What to work on: In the records that follow, find the line with "Detail of S925"; from there, retype every line exactly through the line with "Giyen adam ekose", which also belongs to the answer.

Records supplied:
"""

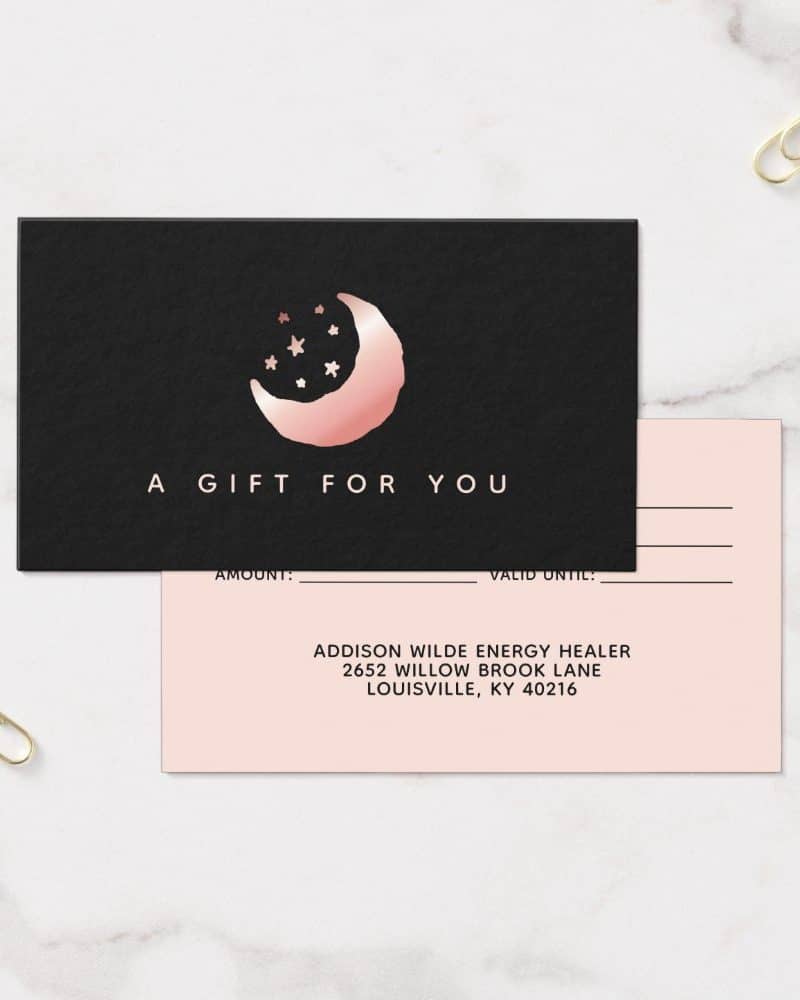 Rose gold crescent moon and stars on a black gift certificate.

"""
"""

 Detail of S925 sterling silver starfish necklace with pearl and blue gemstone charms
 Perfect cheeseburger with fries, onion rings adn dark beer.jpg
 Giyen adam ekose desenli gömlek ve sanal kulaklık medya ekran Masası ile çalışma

"""

Reply to the exercise:
 Detail of S925 sterling silver starfish necklace with pearl and blue gemstone charms
 Perfect cheeseburger with fries, onion rings adn dark beer.jpg
 Giyen adam ekose desenli gömlek ve sanal kulaklık medya ekran Masası ile çalışma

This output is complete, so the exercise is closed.